Please read the introduction giving general information about the nature of this document.


You should have read TEACH VISION1 and VISION2.

Load the necessary libraries and get hold of an image now:

    uses popvision          ;;; search vision libraries
    uses rci_show           ;;; image display utility
    uses arrayfile          ;;; array storage utility
    uses float_byte         ;;; type conversion utility
    uses float_arrayprocs   ;;; array arithmetic library
    uses convolve_gauss_2d  ;;; Gaussian convolution program
    uses rc_graphplot       ;;; graph display utility
    uses canny              ;;; Canny edge detection
    vars image;
    arrayfile(popvision_data dir_>< 'stereo1.pic') -> image;
    float_byte(image, false, false, 0, 255) -> image;

The Gaussian convolution mask

The Gaussian convolution mask is a circularly symmetrical (or isotropic) mask, such that any cross-section through its centre yields a weight profile that has the form of a Gaussian or normal curve. The mathematical formula is in all statistics text books, and almost all computer vision books. A Pop-11 procedure which implements the formula to generate Gaussian weights looks like this:

    define gauss_weight(r, sigma) -> g;
        lvars r, sigma, g;
        exp( -(r**2) / (2 * sigma**2) ) -> g

The r argument gives the distance (in pixels) from the centre of the mask, and sigma specifies the "width" of the mask. The procedure returns the weight for this distance and width parameter. We can see what the curve looks like by plotting the function with *RC_GRAPHPLOT:

    rc_new_window(400, 300, 500, 20, false);  ;;; make a new window
    rc_graphplot(-13, 1, 13, 'r', gauss_weight(% 5 %), 'G') -> ;
Gaussian curve

If the graph window appears in an inconvenient place on the screen, move and resize it with the mouse, then if necessary re-execute the call to rc_graphplot.

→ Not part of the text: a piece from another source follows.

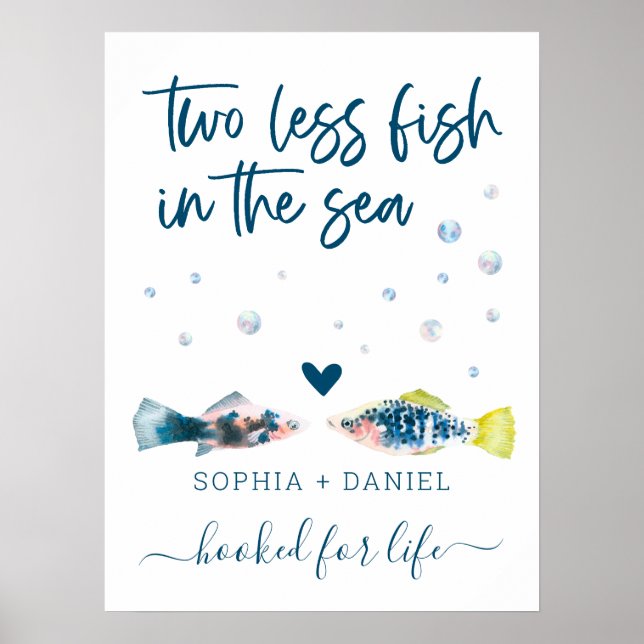 Póster Dos Menos Peces En El Mar Bodas Bienvenida 27x40 (Frente)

To draw the graph, sigma was set to 5 by creating a closure (see *CLOSURES) of gauss_weight. You can see that the curve drops to about 60% of its central value when r is equal to sigma - this is what is meant by by saying that sigma sets its width. Try changing sigma to see the effect.

The mathematical Gaussian function does not fall to zero for any finite value of r - the "tails" of the curve go on forever. For a practical mask, it is necessary to truncate the function when the weights have become small enough to be insignificant, to keep the mask to a reasonable size. As you can see from the graph, the values are pretty small when r is plus or minus 13 for sigma = 5. An efficient library procedure to generate arrays containing Gaussian weights is gaussmask. This has a sensible criterion for truncation built in (see HELP *GAUSSMASK), and it also normalises the weights - that is, it multiplies them by a constant so that the weights in the mask sum to 1, which avoids increasing or decreasing the average grey-level when the mask is used for smoothing. To get a 1-D Gaussian mask, execute:

    vars gmask, gsize, sigma;
    5 -> sigma;
    gaussmask(sigma) -> gmask;          ;;; calculate the weights
    gaussmask_limit(sigma) -> gsize;    ;;; get the mask size

The bounds of the mask array are given by [-gsize gsize]. If you plot the values in gmask with rc_graphplot (it will accept an array as an argument instead of a function) you will find the curve looks the same as the one we already have, though the actual values are smaller because of normalisation. A fast and simple way to print the values in the gmask array is:

    gmask =>                    ;;; print the boundslist
    ** <array [-13 13]>

    arrayvector(gmask) =>       ;;; see HELP *ARRAYS
    ** <sfloatvec 0.002735 0.00451 0.007144 0.010873 0.015899 0.022337 0.030152
        0.039105 0.048727 0.058337 0.067104 0.074161 0.078747 0.080338 0.078747
        0.074161 0.067104 0.058337 0.048727 0.039105 0.030152 0.022337 0.015899
        0.010873 0.007144 0.00451 0.002735>

but this method is only really useful for small 1-D arrays.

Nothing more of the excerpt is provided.